#### Dataset excerpt

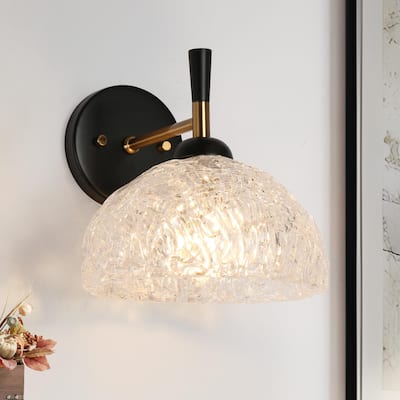 Modern Glam Black Gold Large Texture Dome Ripple Crystal Dimmable Wall Sconce for Bathroom/ Bedroom - L 8.3" x W 8.3" x H 8.9"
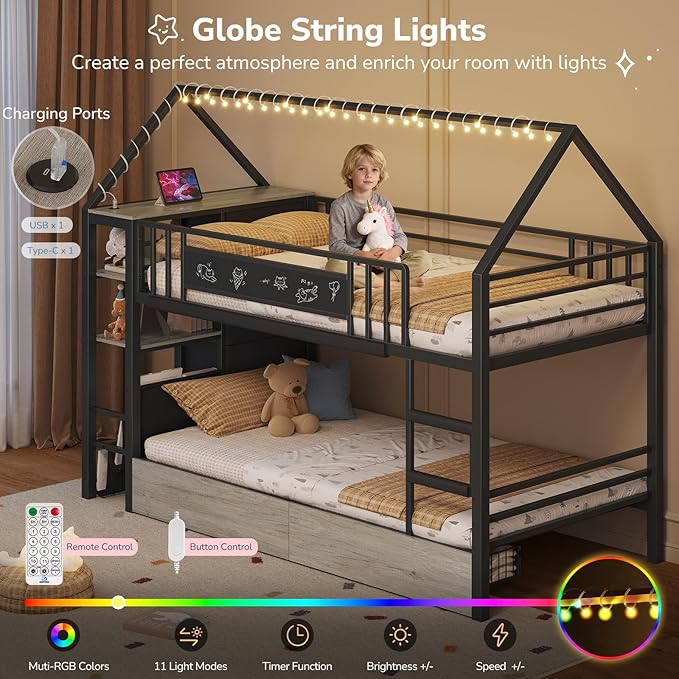 Twin Bunk Bed for Kids with 6 Storage Drawers, Montessori Bookshelf, House Shaped Bed with Globe String Lights and USB Ports, Metal Low Bunk Bed Twin Over Twin with Safety Guardrail and Ladder, Black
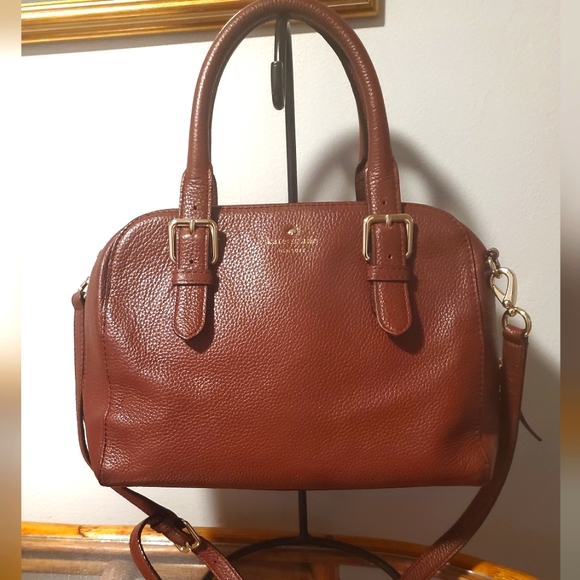 Kate Spade ♠️ Brown Leather Brighton Park Satchel Bag with Crossbody Strap - Picture 2 of 12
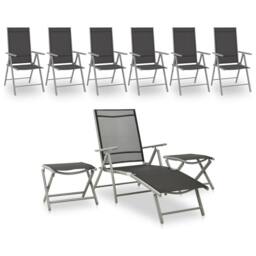 Berkfield Home 9 Piece Garden Lounge Set Black & Silver - thumbnail 2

########

Write out the listing above exactly, images omitted.

 Modern Glam Black Gold Large Texture Dome Ripple Crystal Dimmable Wall Sconce for Bathroom/ Bedroom - L 8.3" x W 8.3" x H 8.9"
 Twin Bunk Bed for Kids with 6 Storage Drawers, Montessori Bookshelf, House Shaped Bed with Globe String Lights and USB Ports, Metal Low Bunk Bed Twin Over Twin with Safety Guardrail and Ladder, Black
 Kate Spade ♠️ Brown Leather Brighton Park Satchel Bag with Crossbody Strap - Picture 2 of 12
 Berkfield Home 9 Piece Garden Lounge Set Black & Silver - thumbnail 2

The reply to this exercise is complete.